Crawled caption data
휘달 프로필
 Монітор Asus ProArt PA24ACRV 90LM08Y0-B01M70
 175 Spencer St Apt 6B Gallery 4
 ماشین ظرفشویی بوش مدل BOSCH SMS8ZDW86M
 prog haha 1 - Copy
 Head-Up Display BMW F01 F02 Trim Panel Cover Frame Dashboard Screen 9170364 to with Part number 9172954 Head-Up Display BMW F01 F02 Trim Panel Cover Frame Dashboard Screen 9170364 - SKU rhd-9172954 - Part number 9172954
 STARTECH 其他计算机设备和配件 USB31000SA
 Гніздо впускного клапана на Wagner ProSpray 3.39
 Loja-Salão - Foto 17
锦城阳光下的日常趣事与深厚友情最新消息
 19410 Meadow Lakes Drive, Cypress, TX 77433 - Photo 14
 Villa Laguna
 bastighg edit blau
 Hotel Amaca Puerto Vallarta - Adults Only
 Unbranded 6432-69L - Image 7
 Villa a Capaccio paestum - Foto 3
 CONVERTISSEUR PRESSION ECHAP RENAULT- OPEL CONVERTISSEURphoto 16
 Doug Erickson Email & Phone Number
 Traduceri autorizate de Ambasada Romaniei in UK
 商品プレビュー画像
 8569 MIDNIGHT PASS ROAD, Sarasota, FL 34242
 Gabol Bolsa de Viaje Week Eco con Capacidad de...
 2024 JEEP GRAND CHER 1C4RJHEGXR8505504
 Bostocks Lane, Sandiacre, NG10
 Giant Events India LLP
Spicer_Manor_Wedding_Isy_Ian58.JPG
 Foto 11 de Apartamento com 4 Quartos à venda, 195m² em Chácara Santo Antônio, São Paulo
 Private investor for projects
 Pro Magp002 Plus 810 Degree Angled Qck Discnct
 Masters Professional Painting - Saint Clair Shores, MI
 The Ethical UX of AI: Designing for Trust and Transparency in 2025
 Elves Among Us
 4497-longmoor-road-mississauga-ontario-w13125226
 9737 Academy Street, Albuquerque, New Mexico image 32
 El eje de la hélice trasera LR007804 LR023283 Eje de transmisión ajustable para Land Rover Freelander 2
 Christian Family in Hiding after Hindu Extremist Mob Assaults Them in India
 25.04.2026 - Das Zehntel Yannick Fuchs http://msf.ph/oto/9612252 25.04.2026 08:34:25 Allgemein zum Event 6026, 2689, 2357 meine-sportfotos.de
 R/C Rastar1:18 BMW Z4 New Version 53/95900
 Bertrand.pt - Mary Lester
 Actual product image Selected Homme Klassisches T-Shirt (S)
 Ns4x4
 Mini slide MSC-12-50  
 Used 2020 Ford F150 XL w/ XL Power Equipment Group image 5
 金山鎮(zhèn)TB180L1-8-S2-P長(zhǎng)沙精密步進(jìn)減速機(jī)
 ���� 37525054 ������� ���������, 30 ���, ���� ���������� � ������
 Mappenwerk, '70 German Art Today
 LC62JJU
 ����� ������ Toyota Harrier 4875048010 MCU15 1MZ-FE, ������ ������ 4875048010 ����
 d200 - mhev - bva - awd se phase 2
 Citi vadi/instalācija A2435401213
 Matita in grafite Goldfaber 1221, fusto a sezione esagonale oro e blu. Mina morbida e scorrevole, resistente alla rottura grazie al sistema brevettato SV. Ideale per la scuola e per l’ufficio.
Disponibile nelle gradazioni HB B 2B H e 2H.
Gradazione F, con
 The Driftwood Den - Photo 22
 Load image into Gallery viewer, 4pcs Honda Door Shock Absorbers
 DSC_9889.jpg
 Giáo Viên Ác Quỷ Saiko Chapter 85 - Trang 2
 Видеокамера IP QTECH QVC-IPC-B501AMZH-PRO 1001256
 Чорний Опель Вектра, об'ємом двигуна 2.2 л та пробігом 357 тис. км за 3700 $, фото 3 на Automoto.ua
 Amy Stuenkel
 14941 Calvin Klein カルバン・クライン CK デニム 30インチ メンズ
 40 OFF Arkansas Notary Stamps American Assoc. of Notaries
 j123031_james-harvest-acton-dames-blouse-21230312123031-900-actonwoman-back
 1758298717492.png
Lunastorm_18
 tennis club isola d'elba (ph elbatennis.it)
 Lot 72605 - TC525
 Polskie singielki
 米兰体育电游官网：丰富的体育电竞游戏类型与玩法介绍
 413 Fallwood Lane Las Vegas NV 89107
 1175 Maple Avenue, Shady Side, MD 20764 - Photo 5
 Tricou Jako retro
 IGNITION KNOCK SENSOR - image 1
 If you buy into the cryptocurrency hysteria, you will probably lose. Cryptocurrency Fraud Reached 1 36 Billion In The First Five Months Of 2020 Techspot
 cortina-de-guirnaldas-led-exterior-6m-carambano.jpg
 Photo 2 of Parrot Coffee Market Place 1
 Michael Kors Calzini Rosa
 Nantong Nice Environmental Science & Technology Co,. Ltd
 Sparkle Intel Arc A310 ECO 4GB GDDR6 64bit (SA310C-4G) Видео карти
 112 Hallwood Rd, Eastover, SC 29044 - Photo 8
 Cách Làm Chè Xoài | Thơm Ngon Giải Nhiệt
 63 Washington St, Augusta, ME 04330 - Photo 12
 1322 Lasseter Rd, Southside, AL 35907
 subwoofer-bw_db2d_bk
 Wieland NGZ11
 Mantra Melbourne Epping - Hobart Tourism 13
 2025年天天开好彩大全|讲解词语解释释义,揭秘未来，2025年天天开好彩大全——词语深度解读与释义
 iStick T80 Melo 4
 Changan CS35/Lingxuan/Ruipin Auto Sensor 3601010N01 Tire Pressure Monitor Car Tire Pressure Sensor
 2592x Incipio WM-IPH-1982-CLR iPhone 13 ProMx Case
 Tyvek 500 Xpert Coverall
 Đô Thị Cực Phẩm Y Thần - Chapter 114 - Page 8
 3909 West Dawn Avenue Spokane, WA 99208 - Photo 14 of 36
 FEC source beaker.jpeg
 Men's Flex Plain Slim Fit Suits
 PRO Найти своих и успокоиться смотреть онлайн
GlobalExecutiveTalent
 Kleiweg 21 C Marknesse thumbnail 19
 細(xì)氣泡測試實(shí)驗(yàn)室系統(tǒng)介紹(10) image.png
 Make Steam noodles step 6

* Aim of the exercise:
Each line of the data that contains "Avenue" belongs in the answer.

* Your solution:
 1175 Maple Avenue, Shady Side, MD 20764 - Photo 5
 3909 West Dawn Avenue Spokane, WA 99208 - Photo 14 of 36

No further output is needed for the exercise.